To be sure, no statistically robust pattern exists as yet in the metro numbers to link gig growth firmly to payroll decline. However, the early numbers from our research suggest such a relationship in some places and more generally raise the possibility that the online freelance marketplaces may well cannibalize competing payroll businesses in some industries, particularly where incumbents are struggling in weaker markets or fail to respond with better service. Moreover, in many cities the incumbent cab companies are increasingly adopting the “Uber” model by themselves employing independent contractors, as the UCLA economist Sanford Jacoby mentioned in a recent e-mail. In that way, the rides industry may well represent on ongoing case study of how the employment shifts over.

All of which speaks to the need to consider the social and safety net implications of the ongoing shift to platform-based independent work. To be sure, the gig economy is delivering important economic benefits to workers, firms, regions, and the nation. Given their power, these models have the potential to deliver significant social benefits by increasing labor force participation, providing worker flexibility, stimulating demand, and increasing productivity across the economy in the coming years. Gigging may also provide a way into the workforce for the hard-to-employ.

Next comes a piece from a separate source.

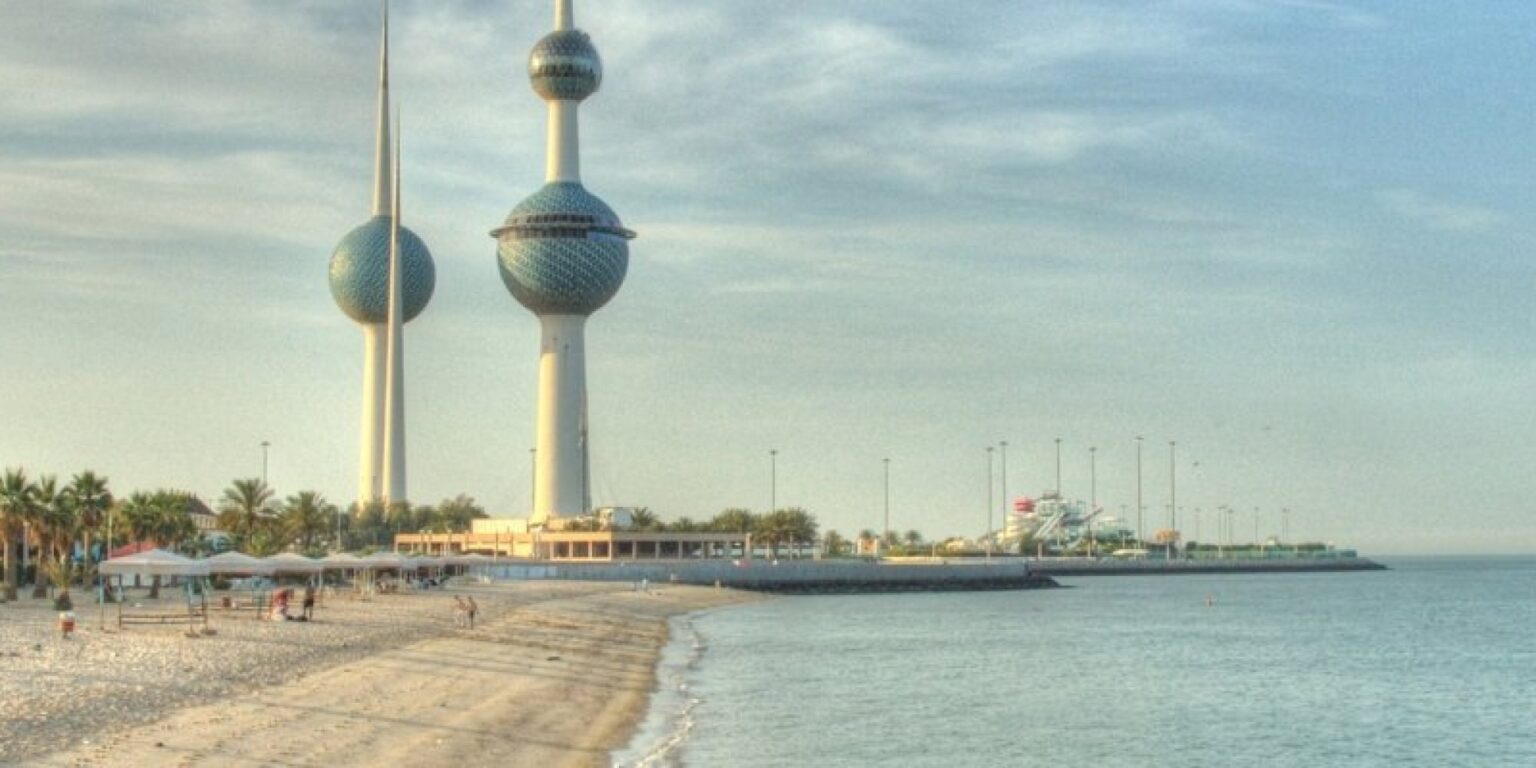 Official data showed that inflation rates in Kuwait rose by 2.78% on an annual basis, due to COVID-19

However, the rise of app-based gigging has huge implications for the circumstances of workers and families.

To begin with, the scale of the trend is enormous. After all, the spread of new, gig-based business models for linking workers to work isn’t just a limited-scale, vanguard development. Instead, the changes affecting a few hundred thousand workers in the rides and rooms industries are only a tiny part of a pervasive, economy-wide move toward non-traditional freelance, contract, and temporary work arrangements in dozens of industries. And the number of workers involved is huge. Overall, there may be as many as 68 million “independent” workers in the United States, according to a new estimate by the McKinsey Global Institute. Within a decade nearly half of all employed Americans may be engaged in the labor market in this way. So the size of the trend alone underscores the need to pay attention.

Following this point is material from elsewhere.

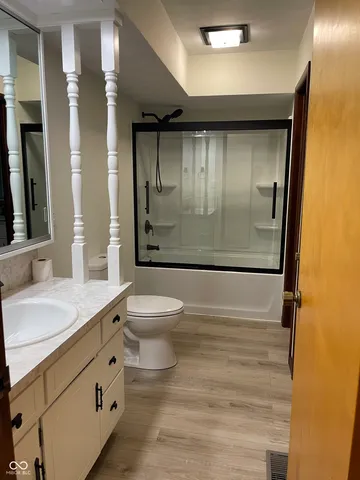 $459,900 | 164 West 1450th Street North, Summitville, IN 46070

Beyond that, the shift to alternative work arrangements matters for policymakers because it represents a fundamental reorientation of the social contract within which millions of Americans work. The rise of online temping, freelancing, and independent contracting means that millions of workers increasingly lack access to the once-ubiquitous labor standards that defined the “good jobs” economy that came out of the New Deal era. Gig workers, for example, retain limited access to income-security protections such as unemployment insurance, workers’ compensation, and disability payments. Minimum wage and antidiscrimination laws may not apply to such contractors, and their attachment to the Social Security system is weaker. Beyond that, access to credit, training, and credentialing becomes more tenuous than for workers elsewhere in the economy.

In short, the expansion of the gig economy—left to itself—is likely going to further reduce the share of American workers that can achieve basic economic security through their work.

Given that, the question becomes not just whether the gig economy will supplant large portions of the payroll economy but: How can the technological and business-model innovation of the gig economy be managed and enhanced to ensure it delivers a measure of economic security to the millions of Americans who are beginning to depend on it for their livelihoods? This question is going to become an urgent one in during the coming Trump administration. I will look at some possible answers to it in a forthcoming post.

No ”gig economy” firms—whether Uber, Lyft, or Airbnb—support Brookings Metro research.